The peer-to-peer technology that powers Bitcoin and other cryptocurrencies is often hailed as safe and secure, since blockchains record the transactions. These records are then viewable by the public. However, like any growing industry with lucrative returns, the crypto world has its fair share of scammers. 

One prominent example was a company called Bitconnect, which ultimately shut down operations in 2018. The scam resulted in a whopping $3.45 billion being stolen. To this day, it’s the biggest example of an initial coin offering (ICO) scam, having promised investors 40% returns for their investment in what turned out to be a Ponzi scheme.

While there hasn’t been another crypto scam as large as Bitconnect to date, crimes involving cryptocurrencies have experienced a surge around the world. A recent report found that scammers took $14 billion worth of crypto in 2021, nearly twice the $7.8 billion taken in 2020. 

ICO scams like Bitconnect are just one type of tactic employed by crypto criminals. In this guide, we’re going to focus on P2P scams and how you can avoid them. 

What Is a P2P Scam in Crypto?

A P2P crypto scam occurs on peer-to-peer (P2P) exchanges that connect sellers and buyers. The platform functions as an arbitrator with an escrow service to facilitate transfers. Scamming occurs when the seller tries to bypass the escrow system by asking for payment from an external medium. After the buyer makes the payment, the seller will claim they didn’t receive the funds and refuse to hold up their side of the deal. In P2P there’s usually some level of trust required, and scammers often abuse this for their own purposes.

P2P platforms connect people who are selling cryptocurrencies with others who are looking to buy. Traders interested in selling cryptocurrencies can create an ad on a P2P platform. The platform then advertises a list of traders who have a buyer’s desired tokens, and the buyer can choose the trader they want to buy from. 

Ideally, when using a P2P platform for trading crypto, both parties should provide an appropriate e-wallet or bank account for completing the transaction. The P2P platform holds the crypto being traded in escrow and releases it once the transaction is successfully completed. While the majority of trades are usually completed without issue, there are malicious actors who may attempt to scam you. 
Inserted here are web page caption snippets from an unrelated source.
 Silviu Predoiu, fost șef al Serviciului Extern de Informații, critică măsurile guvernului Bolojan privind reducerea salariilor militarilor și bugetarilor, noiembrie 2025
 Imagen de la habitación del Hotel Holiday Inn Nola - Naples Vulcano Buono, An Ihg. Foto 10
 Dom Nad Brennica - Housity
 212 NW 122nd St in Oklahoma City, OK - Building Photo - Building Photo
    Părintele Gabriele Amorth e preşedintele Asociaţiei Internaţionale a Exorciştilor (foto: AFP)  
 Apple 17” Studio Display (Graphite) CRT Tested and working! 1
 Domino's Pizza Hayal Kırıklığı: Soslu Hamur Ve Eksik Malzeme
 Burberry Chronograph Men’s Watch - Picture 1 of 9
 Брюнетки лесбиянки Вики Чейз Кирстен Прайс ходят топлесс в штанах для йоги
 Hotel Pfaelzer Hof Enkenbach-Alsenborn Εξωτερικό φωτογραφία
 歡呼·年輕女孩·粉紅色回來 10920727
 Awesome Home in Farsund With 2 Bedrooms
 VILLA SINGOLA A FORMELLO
Decentralized finance can be a bit of a Catch-22. On the one hand, the lack of a singular governing body allows for greater freedom. However, without standardized oversight, scammers are free to commit fraud and deceive unsuspecting investors in a variety of ways. The most common types of scams are as follows:

  • Identity fraud: This occurs when a buyer or seller attempts to use an unknown third party’s payment account to complete a transaction. They may send you this new payment information via chat, and ask you to send the money there. Once you complete the transfer, they’ll claim they didn’t receive the funds. 
  • Payment reversal fraud: A buyer and seller agree to trade crypto on a P2P platform. The buyer then transfers funds to a seller’s account to get them to release their crypto. However, once the crypto has been left the seller’s wallet, the buyer calls their bank within 72 hours to report they never authorized the transfer. They may claim the transaction was fraudulent or a mistake, so the bank cancels the payment and reverses the transaction. The seller loses their crypto, as well as the proceeds from the sale.

Fortunately, it’s possible to combat P2P scams as long as you perform your due diligence. We’ll go into further detail on how to do this later on in this article.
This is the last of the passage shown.